## Task brief:
Among the lines below, restate word for word only those from the line with "unfurnished bedroom featuring" through the line with "couple hands holding red heart", with both end lines kept.

## Provided material:
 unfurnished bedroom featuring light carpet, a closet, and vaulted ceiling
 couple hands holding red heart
--
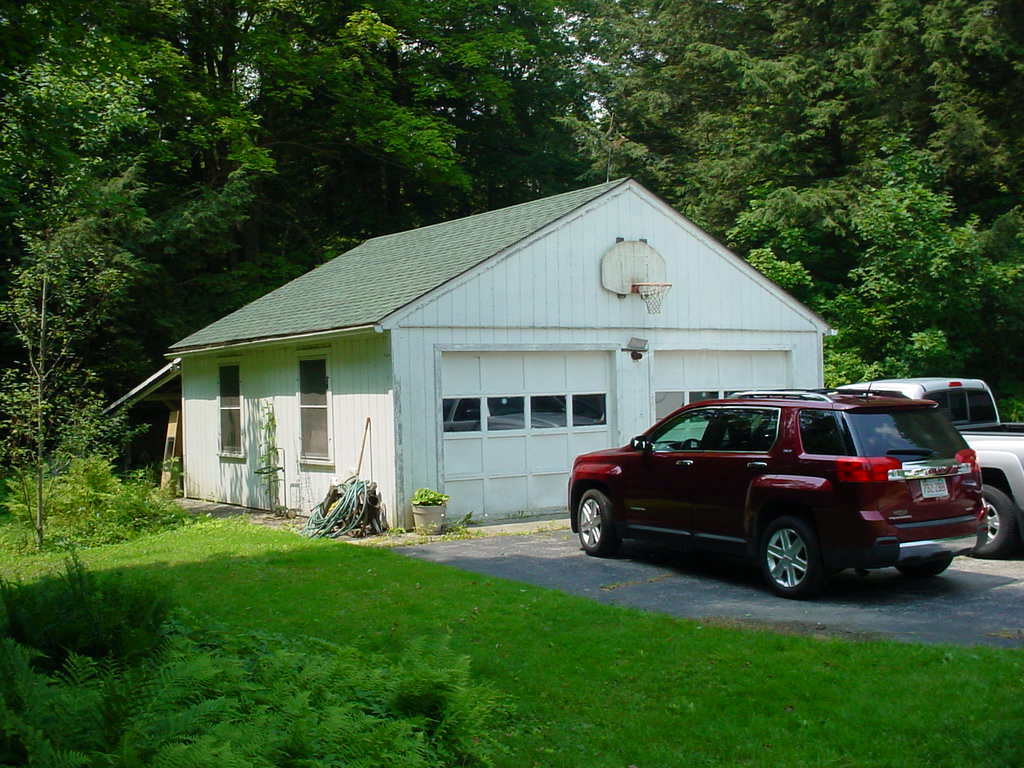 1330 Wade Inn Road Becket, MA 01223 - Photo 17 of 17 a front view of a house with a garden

## Exercise result:
 unfurnished bedroom featuring light carpet, a closet, and vaulted ceiling
 couple hands holding red heart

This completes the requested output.